:: GIVEN DATA ::
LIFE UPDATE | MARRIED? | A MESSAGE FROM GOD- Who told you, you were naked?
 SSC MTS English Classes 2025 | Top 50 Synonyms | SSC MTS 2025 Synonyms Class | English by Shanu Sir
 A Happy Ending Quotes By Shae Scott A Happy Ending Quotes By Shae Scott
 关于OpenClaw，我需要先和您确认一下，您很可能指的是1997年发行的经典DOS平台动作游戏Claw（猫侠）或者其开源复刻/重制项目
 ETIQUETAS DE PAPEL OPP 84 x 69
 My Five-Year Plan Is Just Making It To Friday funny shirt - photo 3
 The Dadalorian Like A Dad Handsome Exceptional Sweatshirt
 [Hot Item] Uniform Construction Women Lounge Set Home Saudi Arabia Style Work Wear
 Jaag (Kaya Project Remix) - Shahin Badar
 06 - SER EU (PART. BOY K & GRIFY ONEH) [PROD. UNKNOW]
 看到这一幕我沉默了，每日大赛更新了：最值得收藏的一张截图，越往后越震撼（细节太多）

:: EXERCISE DETAILS ::
Beginning with the first line of the listing above, print each line exactly until you have printed the line that contains "ETIQUETAS DE PAPEL OPP 84 x 69".

:: ANSWER SPACE ::
LIFE UPDATE | MARRIED? | A MESSAGE FROM GOD- Who told you, you were naked?
 SSC MTS English Classes 2025 | Top 50 Synonyms | SSC MTS 2025 Synonyms Class | English by Shanu Sir
 A Happy Ending Quotes By Shae Scott A Happy Ending Quotes By Shae Scott
 关于OpenClaw，我需要先和您确认一下，您很可能指的是1997年发行的经典DOS平台动作游戏Claw（猫侠）或者其开源复刻/重制项目
 ETIQUETAS DE PAPEL OPP 84 x 69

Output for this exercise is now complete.